* **TASK INSTRUCTIONS**
Everything from the line with "3-комнатная квартира ·" to the line with "Riverchase Estates - Residential" in the listing below, both lines included, needs to be copied exactly, apart from the pictures.

* **DATA TO USE**
--- START ---

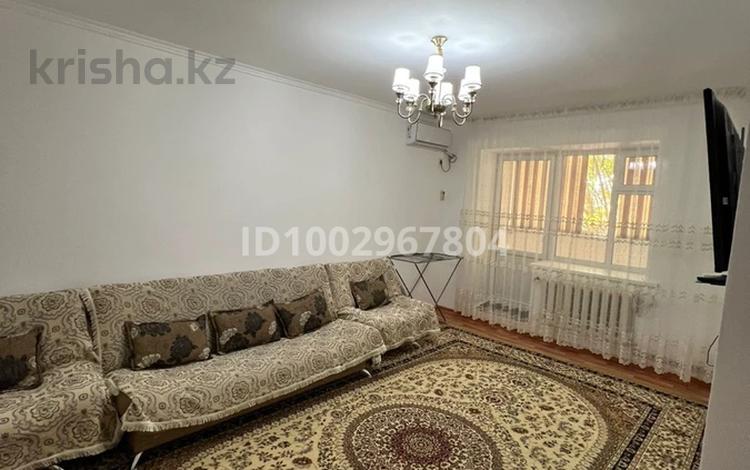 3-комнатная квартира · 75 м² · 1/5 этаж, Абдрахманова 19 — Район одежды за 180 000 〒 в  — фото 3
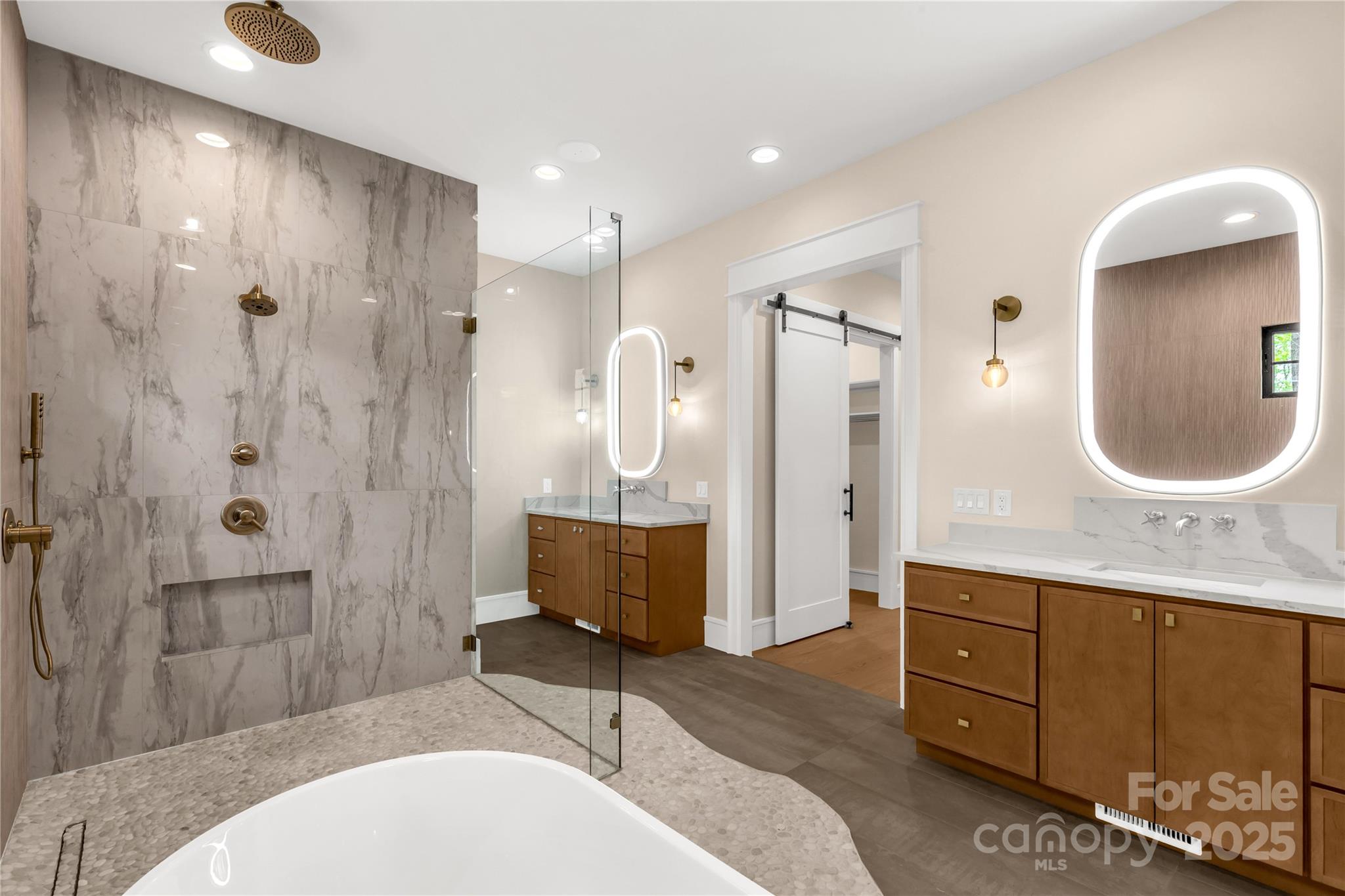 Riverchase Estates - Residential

--- END ---
--- START ---

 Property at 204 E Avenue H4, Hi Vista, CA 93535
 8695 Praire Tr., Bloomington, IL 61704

--- END ---

* **TASK ANSWER**
 3-комнатная квартира · 75 м² · 1/5 этаж, Абдрахманова 19 — Район одежды за 180 000 〒 в  — фото 3
 Riverchase Estates - Residential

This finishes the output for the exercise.